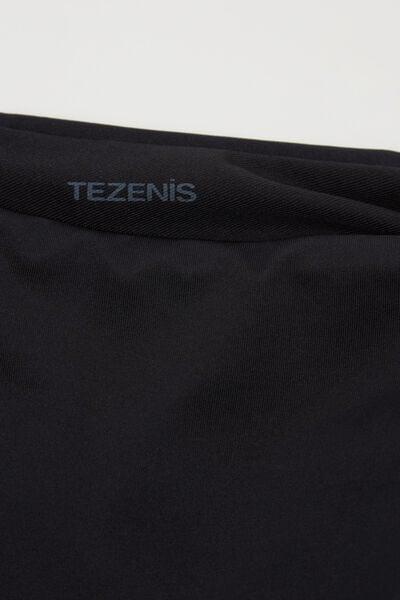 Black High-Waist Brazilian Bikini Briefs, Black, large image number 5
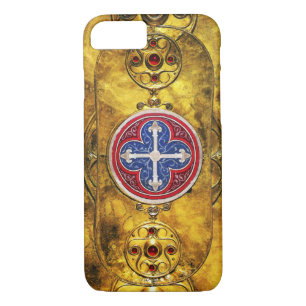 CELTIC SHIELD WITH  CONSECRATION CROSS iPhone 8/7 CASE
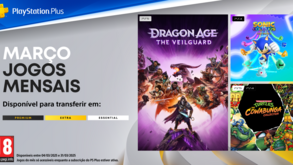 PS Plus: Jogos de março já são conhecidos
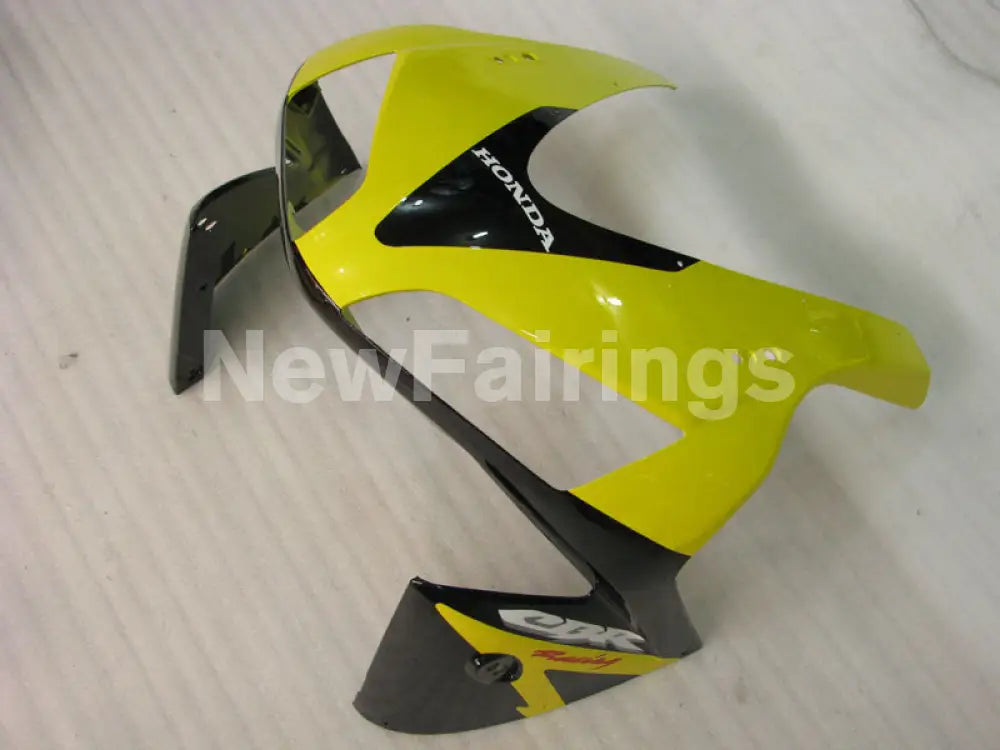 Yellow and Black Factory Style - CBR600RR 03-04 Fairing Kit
○ ○ ○ ○ ○ ○ ○
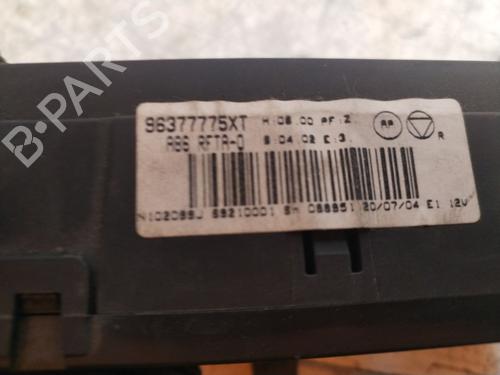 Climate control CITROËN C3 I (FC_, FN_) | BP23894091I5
○ ○ ○ ○ ○ ○ ○
Task prompt → From the listing above, please give again the lines that begin with the line holding "Black High-Waist Brazilian" and go on through the line holding "Yellow and Black", exactly, both ends included, minus any picture.

Response to this exercise →
 Black High-Waist Brazilian Bikini Briefs, Black, large image number 5
 CELTIC SHIELD WITH  CONSECRATION CROSS iPhone 8/7 CASE
 PS Plus: Jogos de março já são conhecidos
 Yellow and Black Factory Style - CBR600RR 03-04 Fairing Kit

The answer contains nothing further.